Abstract
Background:
Brazilian jiu-jitsu (BJJ) is a grappling-based martial art that can lead to injuries both in training and in competition. There is a paucity of data regarding injuries sustained while training in BJJ, in both competitive and noncompetitive jiu-jitsu athletes.
Hypothesis:
We hypothesize that most BJJ practitioners sustain injuries to various body locations while in training and in competition. Our primary objective was to describe injuries sustained while training for BJJ, both in practice and in competition. Our secondary objectives were to classify injury type and to explore participant and injury characteristics associated with wanting to quit jiu-jitsu after injury.
Study Design:
Descriptive epidemiology study.
Methods:
We conducted a survey of all BJJ participants at a single club in Hamilton, Ontario, Canada. We developed a questionnaire including questions on demographics, injuries in competition and/or training, treatment received, and whether the participant considered discontinuing BJJ after injury.
Results:
A total of 70 BJJ athletes participated in this study (response rate, 85%). Ninety-one percent of participants were injured in training and 60% of competitive athletes were injured in competitions. Significantly more injuries were sustained overall for each body region in training in comparison with competition (P < 0.001). Two-thirds of injured participants required medical attention, with 15% requiring surgery. Participants requiring surgical treatment were 6.5 times more likely to consider quitting compared with those requiring other treatments, including no treatment (odds ratio [OR], 6.50; 95% CI, 1.53-27.60). Participants required to take more than 4 months off training were 5.5 times more likely to consider quitting compared with those who took less time off (OR, 5.48; 95% CI, 2.25-13.38).
Conclusion:
The prevalence of injury is very high among BJJ practitioners, with 9 of 10 practitioners sustaining at least 1 injury, commonly during training. Injuries were primarily sprains and strains to fingers, the upper extremity, and neck. Potential participants in BJJ should be informed regarding significant risk of injury and instructed regarding appropriate precautions and safety protocols.
Clinical Relevance:
Clinicians should be aware of the substantial risk of injury among BJJ practitioners and the epidemiology of the injuries as outlined in this article.

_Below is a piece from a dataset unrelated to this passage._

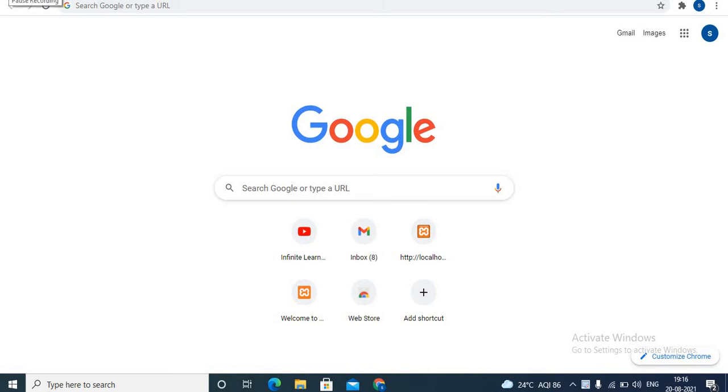Welcome to Infinite Learnopedia channel. In this video, I will share how to draw in Google Docs. If you are new to my channel, hit the red subscribe button. Now, let's begin.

Keywords: martial arts, Brazilian jiu-jitsu, injuries, fractures, orthopaedic surgery
Brazilian jiu-jitsu (BJJ) is a grappling-based martial art with roots in prewar Kodokan Judo.8,13 BJJ has undergone modifications and refinements over the years and has been increasing in popularity within North America and globally over the past 20 years.8,13 As a grappling-based sport it involves submission wrestling, including chokes/strangles and joint locks. Additionally, BJJ incorporates aggressive takedowns from standing and self-defense techniques to cause the opponent to submit or exit the situation if in a state of self-defense.
A number of studies exist regarding the epidemiology of injuries sustained while training in judo, karate-do, taekwondo, mixed martial arts, and BJJ competitions2,7,9-11,15; however, there is a paucity of data on injuries sustained during training in BJJ both in the competitive and noncompetitive athlete. Previous studies in other martial arts have identified that injuries are more commonly sustained in training than competition.4,5,14 Additionally, the vast majority of injuries (78%) sustained in BJJ competitions are orthopaedic injuries, many of which require medical attention or surgical intervention.15
We undertook a survey of jiu-jitsu practitioners to understand the injury patterns and prevalence of injuries sustained in BJJ training, practice, and competition. Our primary objective was to determine the prevalence of injuries sustained during jiu-jitsu training and competition. Our secondary objectives were to describe the types of injuries, to determine which participant and injury characteristics are associated with desire to discontinue jiu-jitsu after injury, and which characteristics are associated with requiring surgery for an injury.
Methods
Questionnaire Development
We developed a questionnaire using focus groups, key informants, and the previous literature. Focus groups consisted of jiu-jitsu practitioners as well as orthopaedic surgeons treating jiu-jitsu injuries. We also generated items from a Medline search of articles published from 1966 to 2017 using text words “Brazilian jiu-jitsu,” “submission wrestling,” “jiu-jitsu,” “judo,” “martial arts,” and “mixed martial arts.” These were used to improve the data from our focus group item generation. We used a sample to redundancy approach until no new items for the questionnaire emerged.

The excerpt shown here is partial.